Understandably, bad news can be overwhelming for a patient. If the nurse or other healthcare provider is very emotional, that may overwhelm the patient even more. Before delivering bad news, a nurse should have a mental strategy for conveying the information, including dealing with the emotion. That can be tough, and a template or communication protocol can be very helpful.

Although it is never easy to deliver bad news, practice can help with strengthening the skill. Practice with a friend or colleague, and ask for honest feedback. While practicing, it’s important to work on word choices and tone. In addition, it’s important to remember to avoid jargon and remain compassionate.

Leave work at work, and rely on a support system

No one can do all of this alone; it’s important to have a support system. With a good support system, a nurse can ask questions and exchange ideas, receive praise and encouragement, experience camaraderie, and laugh. In addition to increasing physical health, a support system also helps healthcare workers avoid burnout.

Sometimes, even with a good support system and a careful attention to maintaining boundaries, a nurse may get very involved in a particular case. Giving patients a home number, checking in on days off, or feeling that no one else can provide the proper care are signs that you’ve lost your objectivity. If that happens, it may be time to step back and let another nurse take over for a time, if necessary. A support system can help with that, too.
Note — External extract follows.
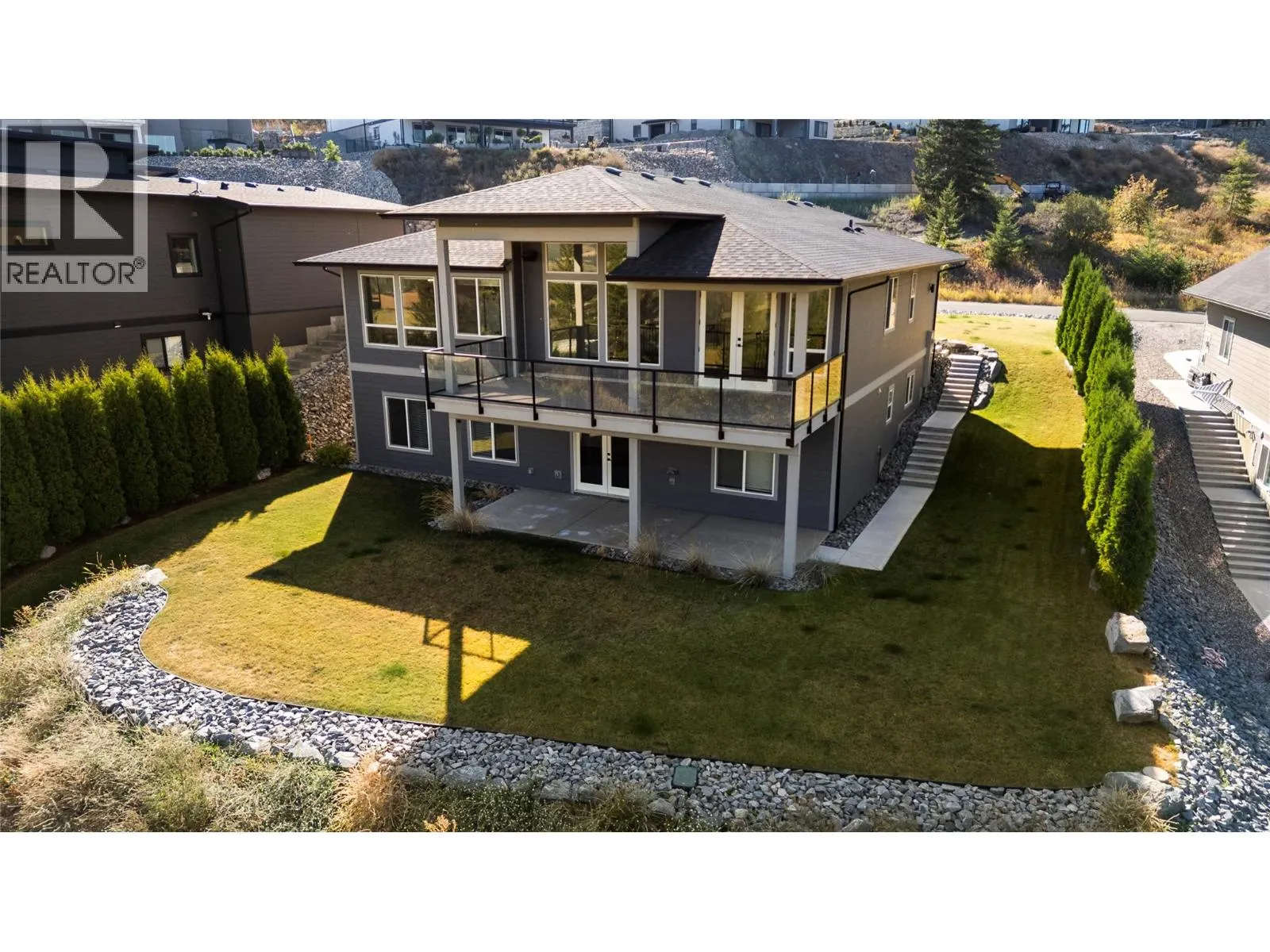 2510 Highlands Drive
There’s no right way, and every situation is unique

Although it’s important to practice delivering bad news to strengthen the skill, it’s equally important to remember that no two situations will ever be exactly the same. Some people cry, some get angry, and some sit quietly in numbed shock. Your job is to respond to their reaction and help them get through it.

No matter how the patient reacts, you must help that individual establish a plan. Encourage the patient to write down questions; there will be a lot of questions, and it can be overwhelming to try to keep track of them. Encourage the patient to tell friends and family; the individual might be resistant initially, but the support will be a big help during low points. Finally, encourage the patient to prepare for what comes next; it helps the individual to know a little bit about what to expect.